「母が好きなこと」は、私ももちろんよく知っている。
でもさ。
「好きなこと」と「ヤりたいこと」は、じつはちがうかもしれないと気がついた。
私はといえば、けっこう「ヤりたいこと」がワサワサある。
で、そういうの、ヤってる最中って、すごく没頭しちゃって、その「没入感」が心地いい。
山登りもそうだったし、ピアノもそう。
べつに本を読んでも、ぐいぐい惹き込まれていって、それがすんごく楽しい。
いまは、ちょこちょこしか読めないが、現在吉村昭の「漂流」にどハマりしている。
難破した船が、絶海の孤島に流れ着き、その無人島で12年間生き延びた人物が主人公。
これは実話であり、その凄絶な生きざまに呆然としてしまう。
とまあ、本や音楽ぐらいで、私はいくらでもヒマがつぶれてしまうのだ。
なので、ついうっかり「母も、そういうモノに出会えたら、ずいぶん楽しくなるんじゃないか」と思ったのよ。
ただ、母も90歳。
それだけ生きてきたら、もちろん「好きなこと」はわかっている。
歌うこと、テレビで野球や相撲、歌番組を見ること。
いまは、ここらへんだ。
むかし若かったころは、買い物が大好きで、洋服を大量に買っていた。
だが、母いわく、
「服とかカバンはねえ、買ったらうれしいし、持って帰って見ていたら楽しい。
でも、めったに着ないし、使わなかったの。
いま思うと、おカネのムダ使いだったわ」
そうだよねえ。
私も、たまにネットで衝動買いしてたけど、まあ、モノではなかなか「しあわせ」になれない。
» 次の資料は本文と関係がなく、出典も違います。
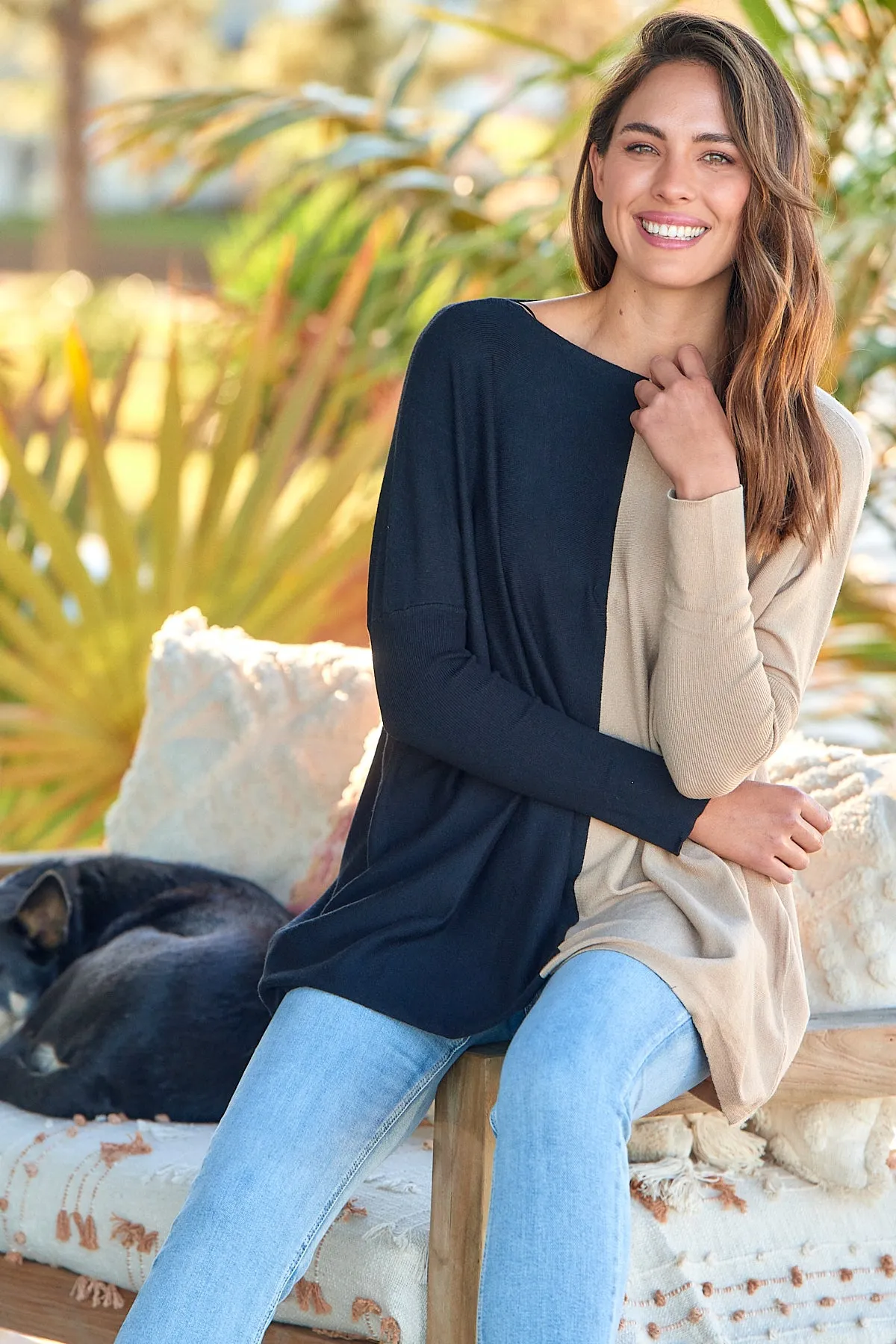 Indiana Oversized Batwing Black/Beige Long Sleeve Knit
それは母も自覚していて、もう通販の買い物もヤめつつある。
じゃあ、母はどうしたら「しあわせ」になれるのか?
「好きなこと」としてテレビはある。
しかし、それは「ヤりたいこと」じゃないんだよ。
あくまでも、私の感じかただが、「ヤりたい」という「前のめりになって、つかみに行く貪欲さ」がないと、どうもつまらないんじゃないか?
母に「欲」がないわけではない。
母がほんとうに欲しいのは、じつは「お母さん」。
ま、むかしからそうだったけど、相変わらず私に「お母さんになってほしい」という欲は、ギラギラさせている。
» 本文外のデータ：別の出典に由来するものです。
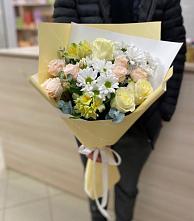 Букет цветов из:  Альстромерии, Розы и Хризантемы в Южном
だもんで、「春ちゃんの姿が見えないだけで、寂しくてしかたがない」そうだ。
同居していても、私が家事その他で、母のそばを離れないといけないが、もうそれだけで「寂寥感に襲われる」という。
それほどに、母が6歳のとき、実母に捨てられたキズは深い。
けどさ、私もそこまで母のメンドーは見られない。
「自分にデキる範囲」で、母の余生をサポートするのが関の山。
じゃあ、結局母は「不幸のどん底」のまま、一生終えないといけないのか?
それが、意外とそうでもないと気づいた。
重要なカギとなったのは、母の「表情」。
母がどういうときに「笑みを浮かべているか?」に注目したのだ。
そしたら、「おいしいモノを食べているとき」に「満面の笑み」になっていると判明。
しかも、そのおいしいモノって、たいていセブン-イレブンで買ったモノだった。
じっさい母は「セブンのモノって、なんでもおいしいねえ!」としょっちゅう感激している。
なんだ、そうか。
母ちゃんのしあわせって、「セブン-イレブン」だったんだ。
まあ、野球も相撲もずーっとやっていない。
でも、セブン-イレブンは365日24時間やっている。
毎日でも食べられる。
私は食に関心がうすい。
なので、「食べモノでしあわせになる」ってことに、意表を突かれてしまった。
けれども、母のしあわせそうな笑顔を見ていると、なるほど!と納得。
だれもがすべて、「ヤりたいことで、しあわせになる」とは限らないのだ。